Exercise: Output the whole listing exactly, except for the pictures in it.

------ Exercise materials

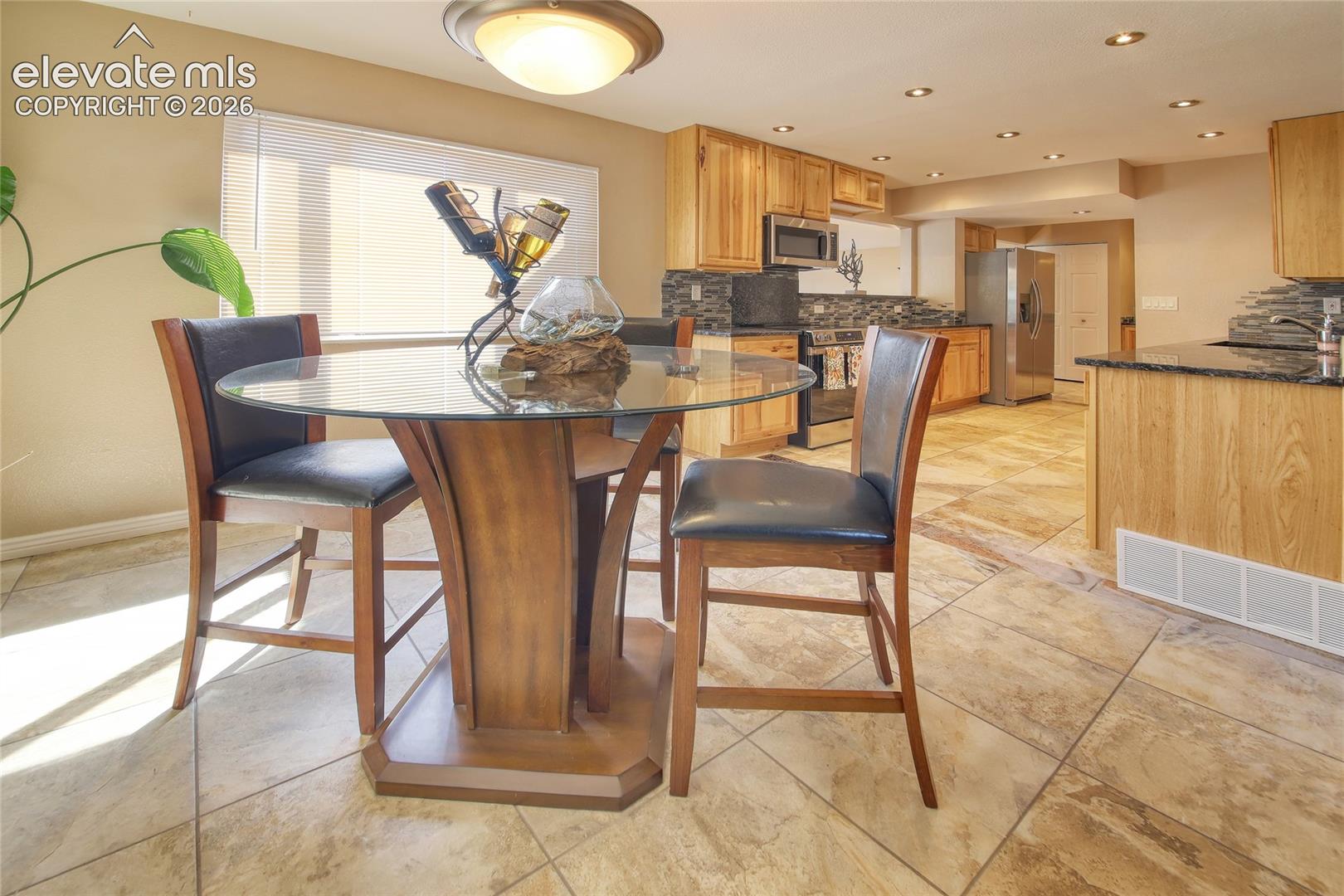 Photo 15 of 6425 Galway Drive, Colorado Springs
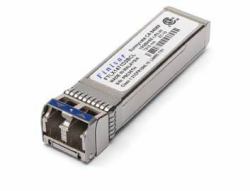 Finisar FTLX1471D3BCL μονάδα πομποδέκτη δικτύου Οπτικών ινών 10000 Mbit/s SFP+ 1310 nm 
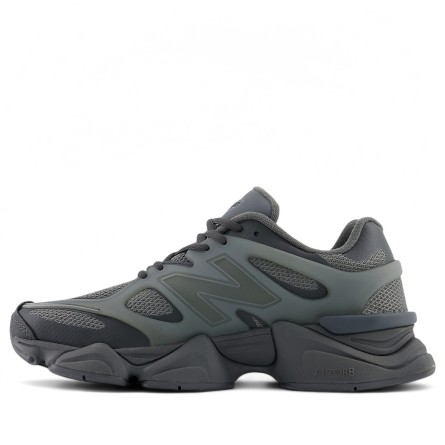 NEW BALANCE - Sneakers 9060 NEW BALANCE - Sneakers 9060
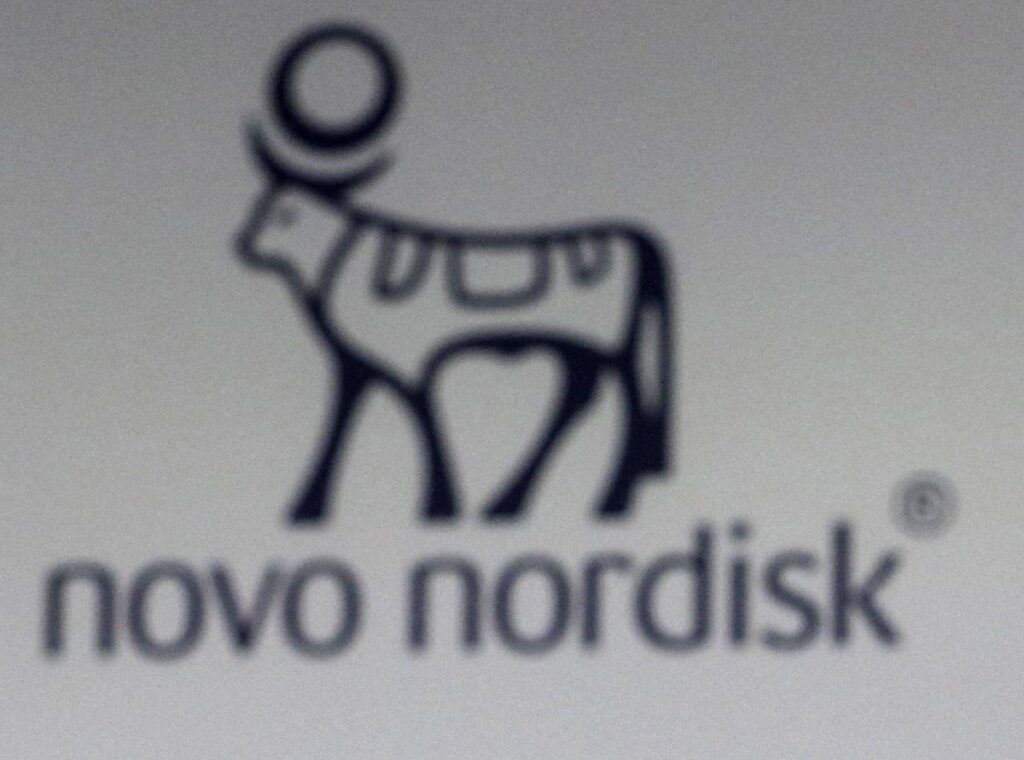 Novo Nordisk health partner al Meeting di Rimini con screening e consulenze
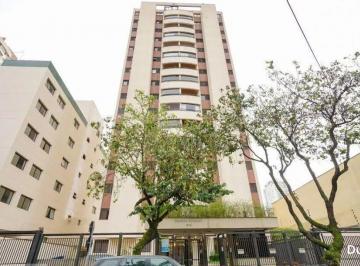 Apartamento · 82m² · 3 Quartos · 2 Vagas · Apartamento - Edifíco Straus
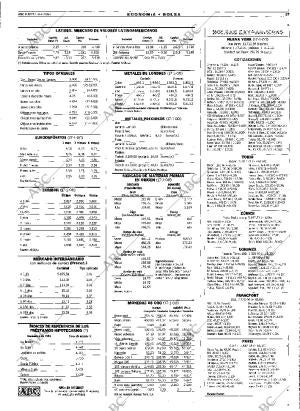 ABC MADRID 18-01-2000 página 67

------------

Solution to the exercise:
 Photo 15 of 6425 Galway Drive, Colorado Springs
 Finisar FTLX1471D3BCL μονάδα πομποδέκτη δικτύου Οπτικών ινών 10000 Mbit/s SFP+ 1310 nm 
 NEW BALANCE - Sneakers 9060 NEW BALANCE - Sneakers 9060
 Novo Nordisk health partner al Meeting di Rimini con screening e consulenze
 Apartamento · 82m² · 3 Quartos · 2 Vagas · Apartamento - Edifíco Straus
 ABC MADRID 18-01-2000 página 67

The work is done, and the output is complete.